Trachtenberg and Schenker still will work closely with freshman affairs.

“I’ve integrated the freshmen with the student affairs and vice versa,” Trachtenberg said. “I deal with security, I deal with the police, I deal with alcohol … all of those things include freshmen as well.”

The new position encompasses both academic and student affairs, so Levesque will report to Trachtenberg and Schenker. Although his job involves academics, Levesque will not have any oversight of the Directed Studies and Perspectives on Science programs.

Last spring, before the position was filled, Trachtenberg organized this year’s pre-orientation programs and freshman orientation and Levesque said he has been shadowing her during the last two weeks of freshman orientation and freshmen counselor training.

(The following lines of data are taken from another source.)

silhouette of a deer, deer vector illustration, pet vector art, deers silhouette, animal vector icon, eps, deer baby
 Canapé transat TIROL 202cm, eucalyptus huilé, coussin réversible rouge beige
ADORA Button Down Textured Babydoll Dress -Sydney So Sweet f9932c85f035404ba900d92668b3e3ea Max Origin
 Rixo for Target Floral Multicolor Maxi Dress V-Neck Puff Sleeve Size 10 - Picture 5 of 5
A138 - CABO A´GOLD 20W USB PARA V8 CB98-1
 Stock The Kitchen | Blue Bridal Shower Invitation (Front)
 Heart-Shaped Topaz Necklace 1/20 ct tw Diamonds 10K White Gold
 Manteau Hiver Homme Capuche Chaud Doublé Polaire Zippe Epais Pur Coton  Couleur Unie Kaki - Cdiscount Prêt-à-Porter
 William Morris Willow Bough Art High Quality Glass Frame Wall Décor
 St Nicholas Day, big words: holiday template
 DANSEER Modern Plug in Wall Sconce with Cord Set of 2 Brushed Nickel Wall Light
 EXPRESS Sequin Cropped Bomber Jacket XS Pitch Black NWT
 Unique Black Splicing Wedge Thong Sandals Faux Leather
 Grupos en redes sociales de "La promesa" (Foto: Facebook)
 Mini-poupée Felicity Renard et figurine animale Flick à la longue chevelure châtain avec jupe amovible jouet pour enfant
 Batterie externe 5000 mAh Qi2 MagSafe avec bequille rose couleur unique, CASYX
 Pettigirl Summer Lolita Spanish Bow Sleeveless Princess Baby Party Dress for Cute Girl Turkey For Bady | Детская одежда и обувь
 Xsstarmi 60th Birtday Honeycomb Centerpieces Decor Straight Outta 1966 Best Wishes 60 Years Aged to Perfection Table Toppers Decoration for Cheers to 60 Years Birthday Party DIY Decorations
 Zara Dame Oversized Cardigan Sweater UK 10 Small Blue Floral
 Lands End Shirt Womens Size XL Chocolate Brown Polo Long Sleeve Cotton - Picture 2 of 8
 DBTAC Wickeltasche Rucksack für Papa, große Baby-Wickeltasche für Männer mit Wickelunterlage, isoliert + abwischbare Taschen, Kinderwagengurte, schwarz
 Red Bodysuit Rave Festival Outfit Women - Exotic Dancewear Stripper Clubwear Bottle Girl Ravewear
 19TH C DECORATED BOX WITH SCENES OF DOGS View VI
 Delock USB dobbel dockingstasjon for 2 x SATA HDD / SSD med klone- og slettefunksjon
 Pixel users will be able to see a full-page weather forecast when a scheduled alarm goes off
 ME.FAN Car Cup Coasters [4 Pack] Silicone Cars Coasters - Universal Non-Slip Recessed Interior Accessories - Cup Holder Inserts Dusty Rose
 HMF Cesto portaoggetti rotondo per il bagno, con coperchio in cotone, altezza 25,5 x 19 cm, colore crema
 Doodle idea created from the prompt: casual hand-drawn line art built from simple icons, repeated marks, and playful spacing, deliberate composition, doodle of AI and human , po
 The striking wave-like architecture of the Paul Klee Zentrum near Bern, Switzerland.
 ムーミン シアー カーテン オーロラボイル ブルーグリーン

He will be directing all the planning for freshman programs next spring, he said.

Yale College Dean Peter Salovey said he hopes the new position will enable the University to expand its freshman seminar offerings — which have grown to 21 in the last two years — and to enhance the integration of freshman programs.

“There are academic issues and there are student life issues,” Salovey said. “I want integration and synthesis of those.”

Though Levesque said he is excited to be involved with the freshman class as a whole, he said he will miss the more intimate role he played in students’ lives as a residential college dean.

“It’s not clear to me yet how often I will be meeting with freshmen in a direct way,” Levesque said. “Clearly it’s going to be a change for me personally, in that I won’t have as much day-to-day contact with students.”

Berkeley freshman counselor Sarah Stumbar ’06 said she will miss having Levesque as a dean, but she said she thinks he is a good fit for the new position.

“I think that more than anything he brings an understanding of how important it is in your freshman year to find a place where you’re really comfortable and how to integrate freshmen into the college,” Stumbar said.

Kevin Hicks replaced Levesque as Berkeley dean in a year that has been marked by unusually high turnover in the residential college deanships. There are four new deans this year: Craig Harwood in Davenport, Alexandra Dufresne in Morse, Amerigo Fabbri in Pierson, and Paul McKinley in Saybrook.